O que agride a ordem não é o
fato de ocupar shoppings. Isso a classe sem nome já vem fazendo, também
em restaurantes, aeroportos, pet shops, salões de beleza e charmosas
cidades in da Europa ou Estados Unidos. O que realmente agride, o choque de gosto, hoje, é ocupar de maneira organizada e organizar-se para ocupar:
a capacidade de gerar sentidos sem passar pelas mediações da grande
imprensa, do mercado de consumo ou da esquerda convencional. Não é
verdade que predomine o desejo de adaptação, que predomine a lógica do
“pequeno branco” ou do “mestiço comportado”. A periferia se testemunha
enquanto tal, sem hesitar em usar o funk e apropriar-se da esfera do
consumo, como um manifesto pela própria existência e senso coletivo.
Acusados todavia de
despolitização, por meramente desejar zoar, consumir, ostentar e pegar
alguns(as) meninos(as), juntos em grandes ocupações os jovens acabam
politizando tudo. Quem pode dizer o que eles realmente querem,
reduzindo a multiplicidade de possibilidades à reafirmação de um óbvio
interessado? A obviedade de que nada nunca mude sob o sol? A histeria
repressiva da polícia, do shopping e da grande imprensa apenas reforça o
caráter político da coisa toda. Inspiram a resistência, convocam
alianças e provocam a articulação de contranarrativas.

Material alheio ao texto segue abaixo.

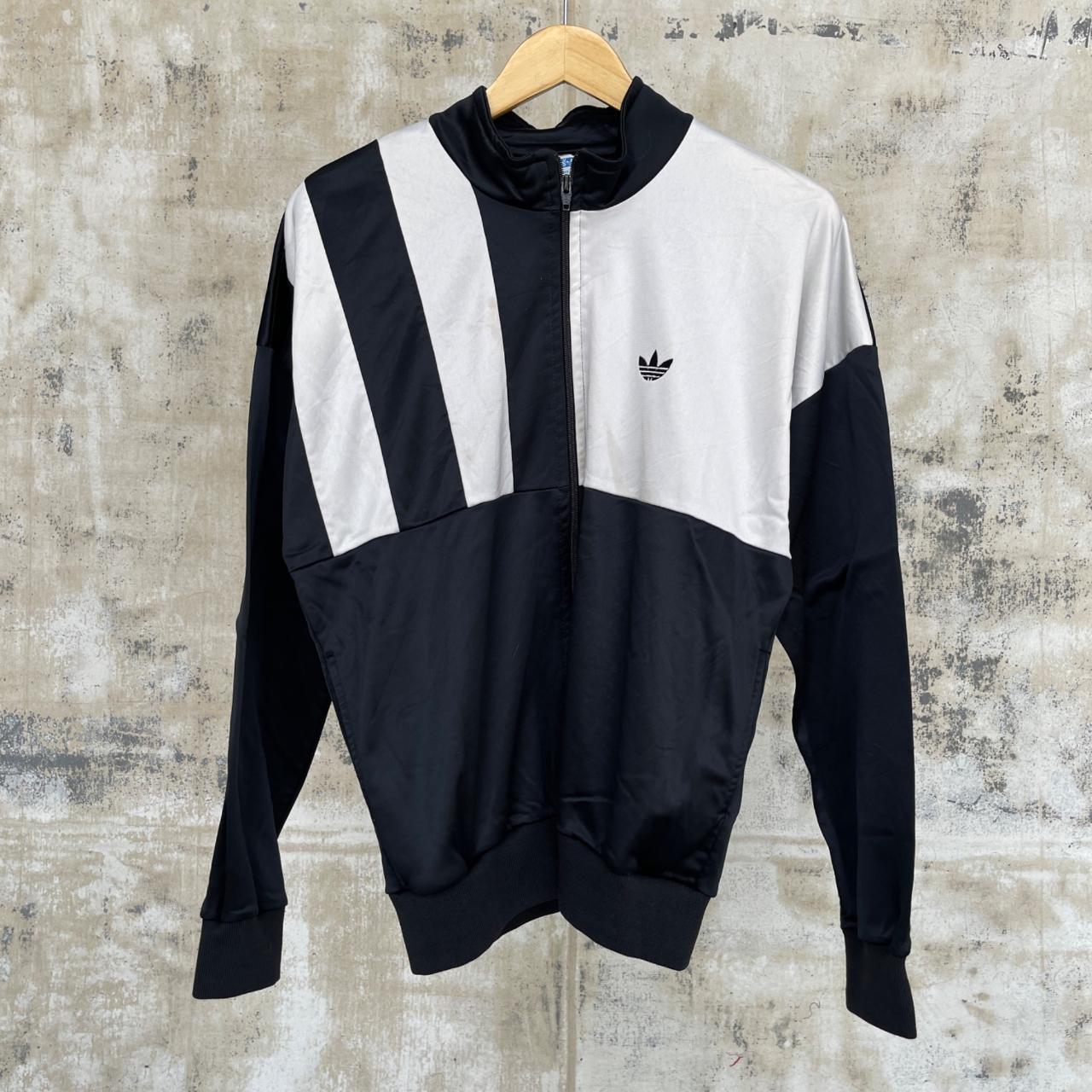 Vintage 80s Adidas track jacket, Black / white, Fits...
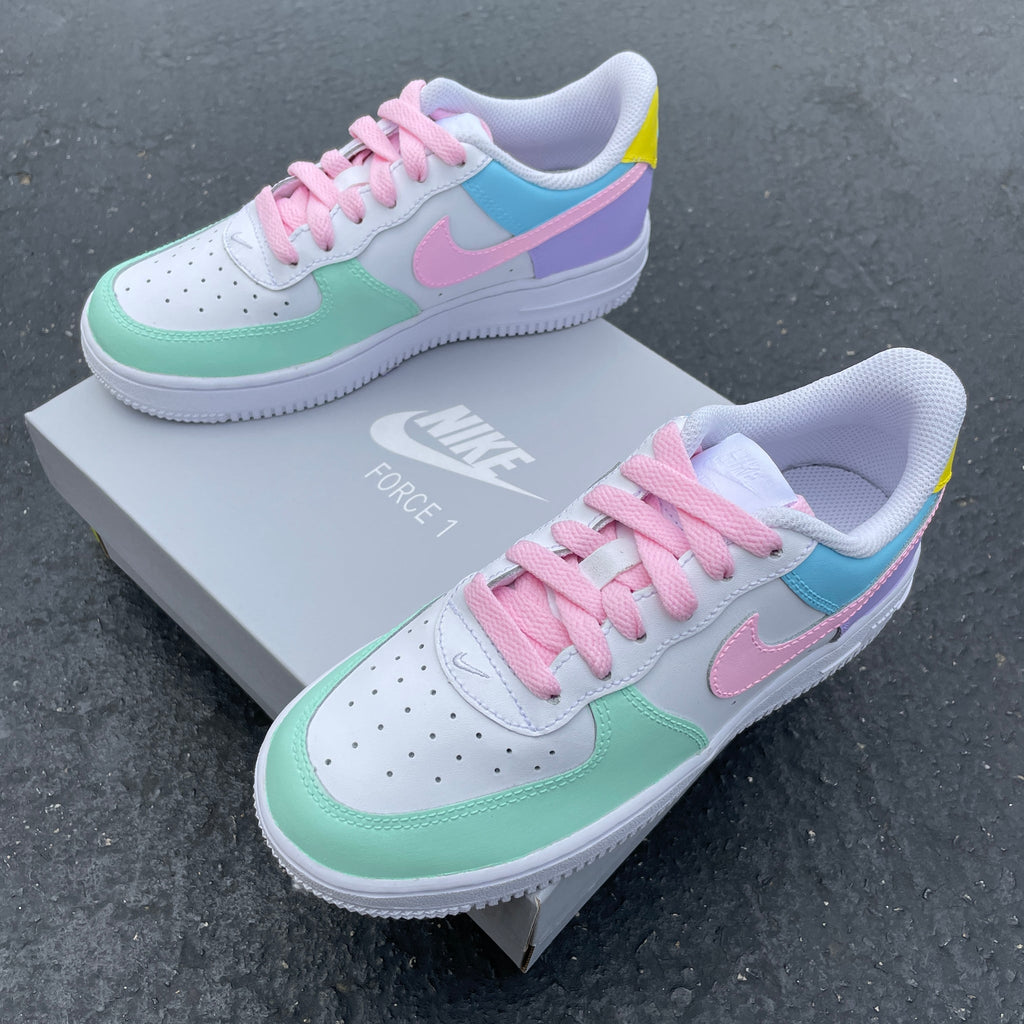 Custom AF 1s Shoes Mint Pink Blue Color - Blocked-oicustom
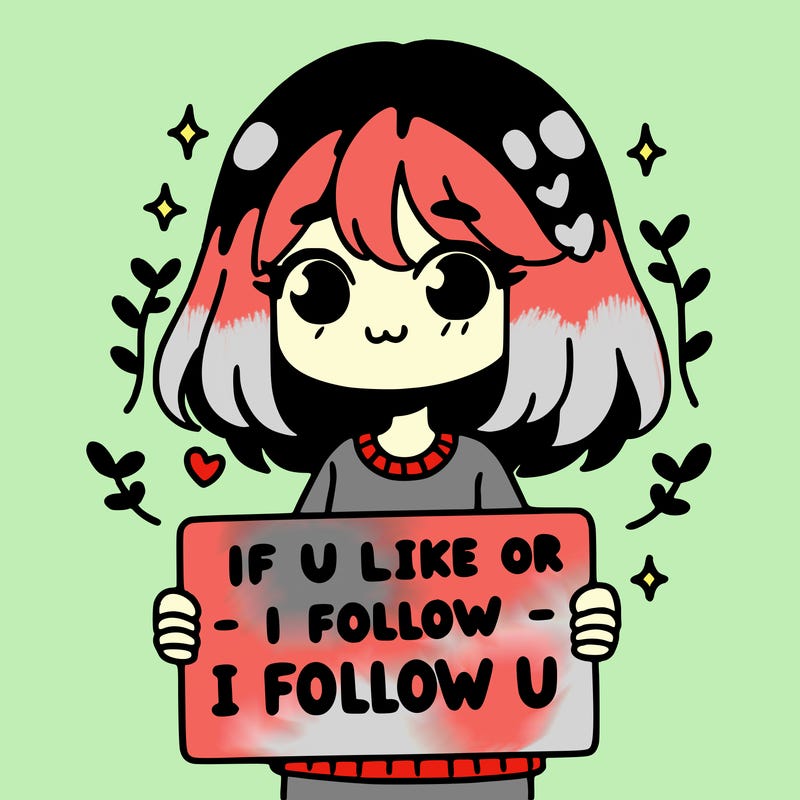 a girl holding a sign that says if u like or follow i will follow u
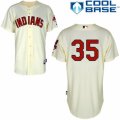 Men's Majestic Cleveland Indians #35 Abraham Almonte Replica Cream Alternate 2 Cool Base MLB Jersey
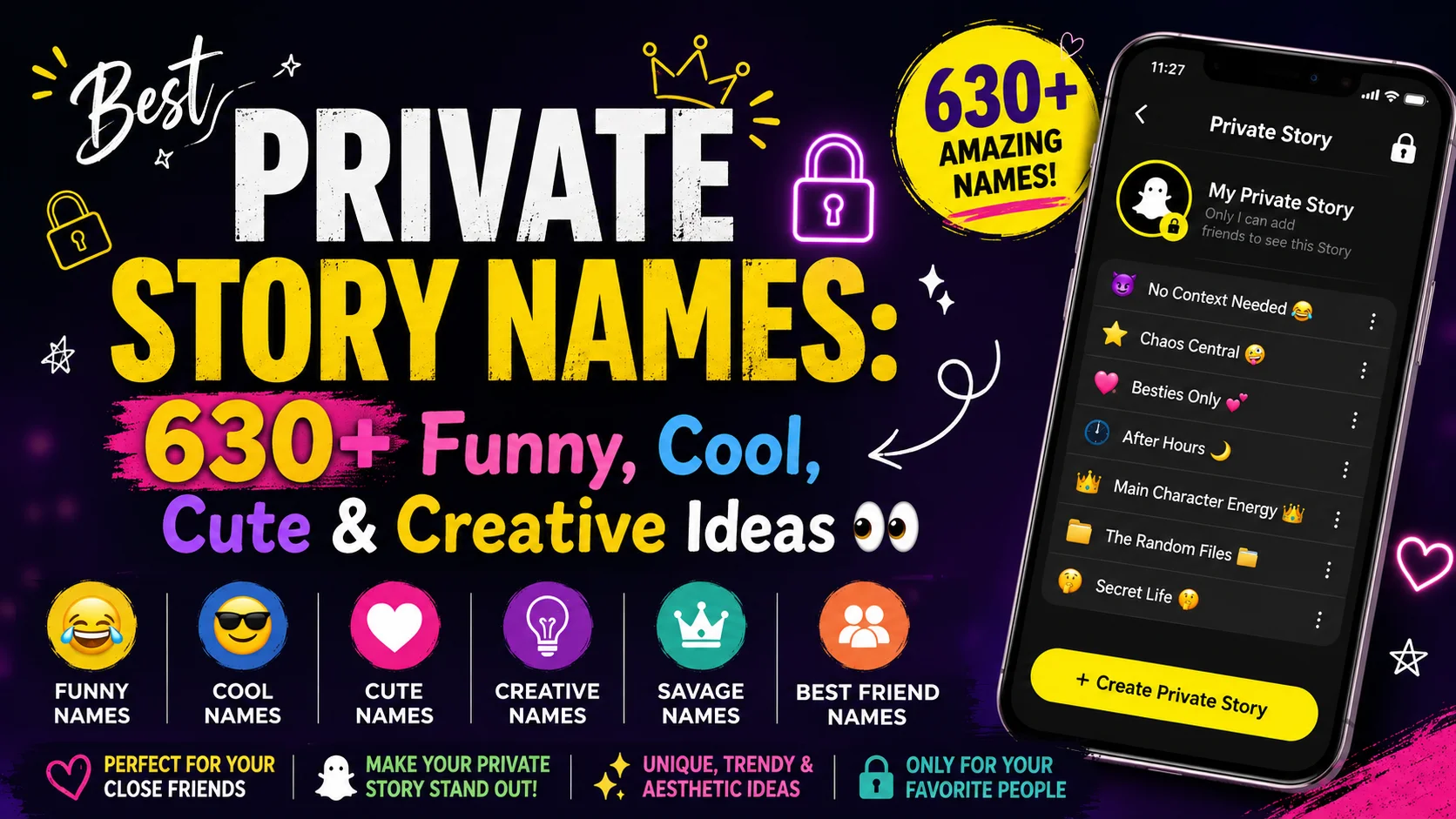 Private Story Names 630+ Funny, Cool, Cute & Creative Ideas 👀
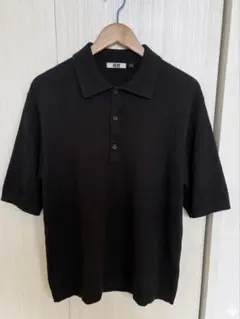 UNIQLO U ユニクロユー 半袖ニットポロシャツ ブラック L 黒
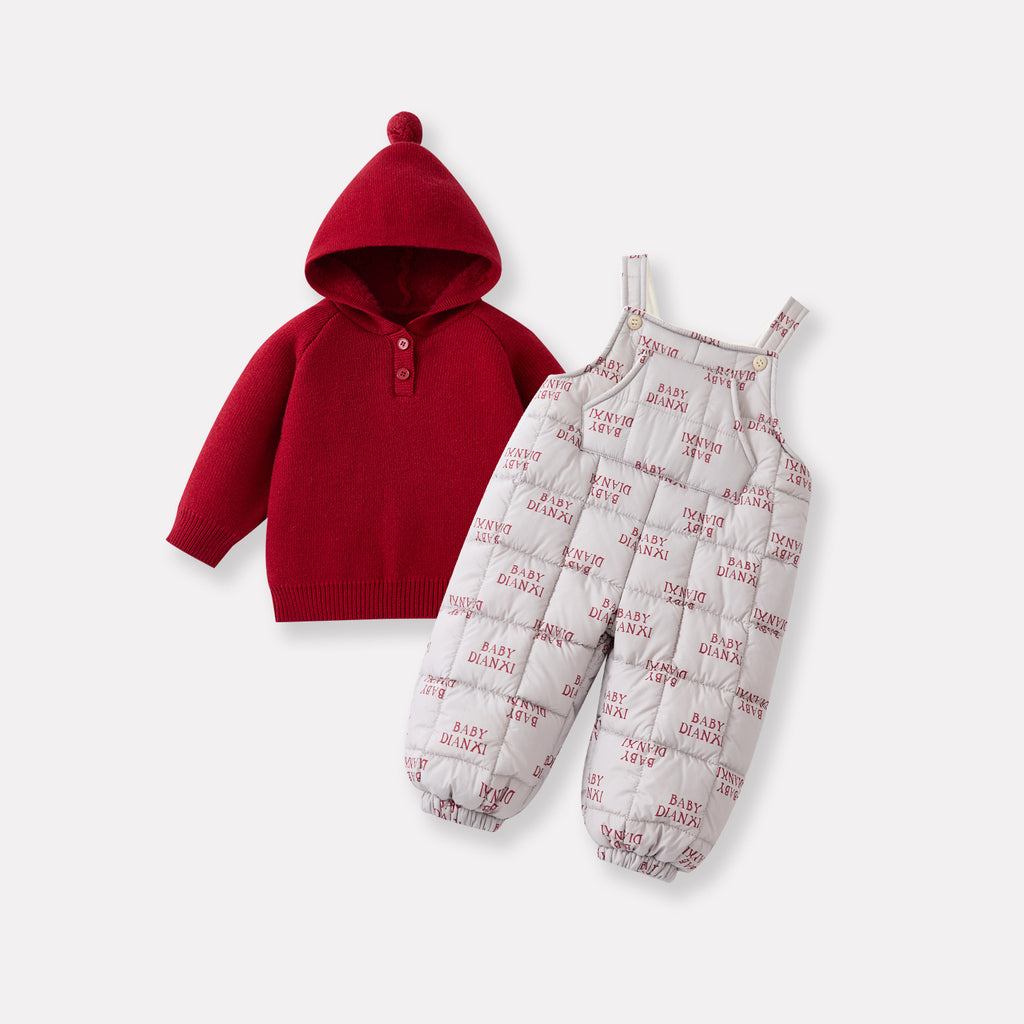 Cotton-Padded Fleece Letter Overalls Set with Hooded Sweater Two-Piece Outfit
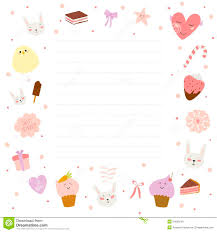 Set Of Cards Notes And Stickers With Cute Stock Vector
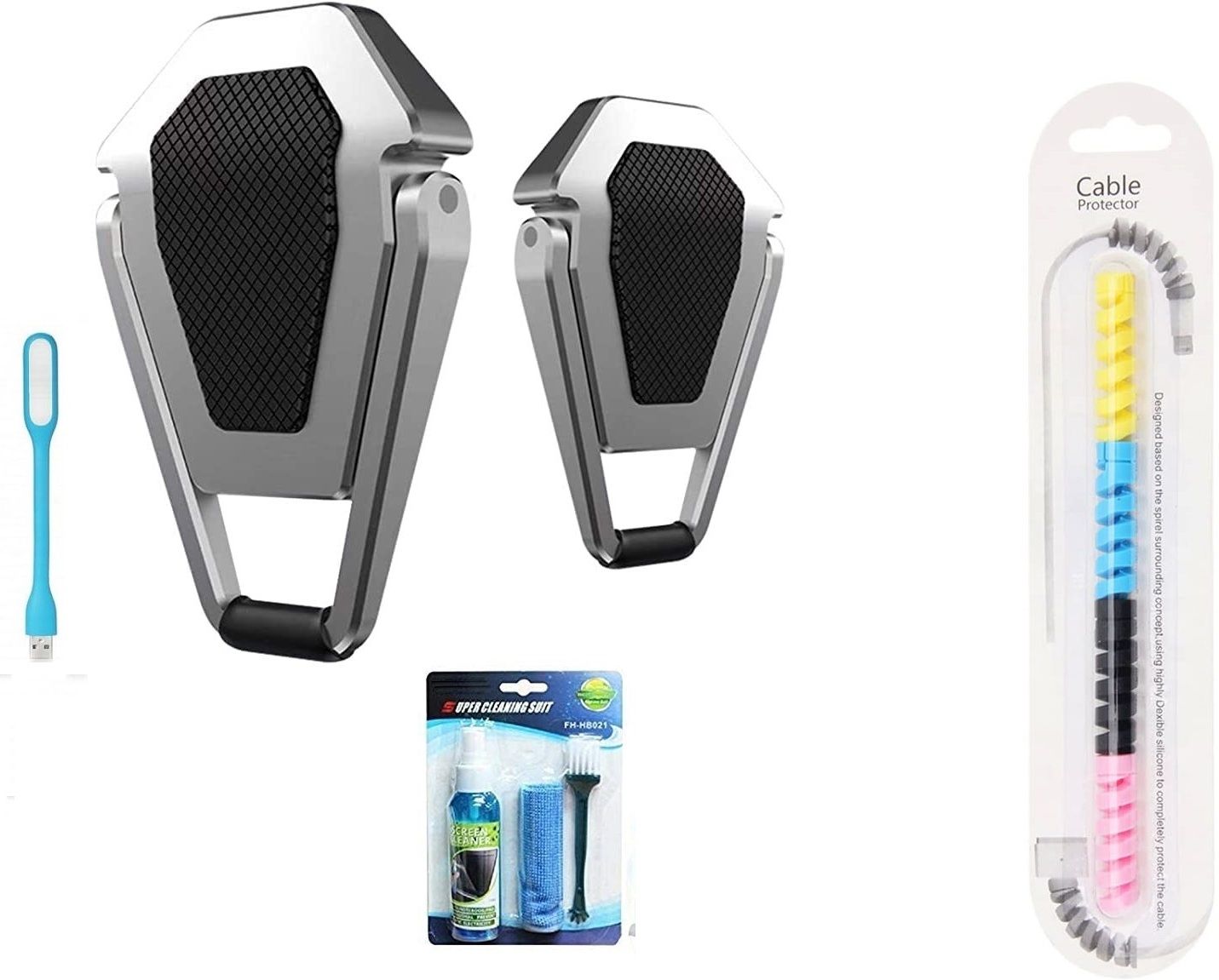 GADGET DEALS Combo of laptop stand with usb light and laptop cleaning kit and cable protector Combo Set-image-41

Não é caso de romantizar os
pobres (romantizar porra nenhuma aliás) e, mais realista do que o rei,
enxergar “consciência de classe” onde só haveria alienação e
autoafirmação adolescente. Mas não se pode negar, por outro lado, que
algo está fora da caixa, que um processo novo, potente, e com possíveis
desdobramentos políticos, está em curso.
No terreno comum, e tão
confuso, onde a linguagem da opressão e da libertação se misturam, no
limiar em que perdemos os referenciais e precisamos nos reorientar — o
rolezinho é mesmo um ato de força. Banhados de marca, mas também da
pele, da voz, do vigor da música. Quando confinados por todo tipo de
rótulo, preconceito e desdém pela alteridade, é um evento assim que
estimula a continuar lutando e disputando por afetos e territórios.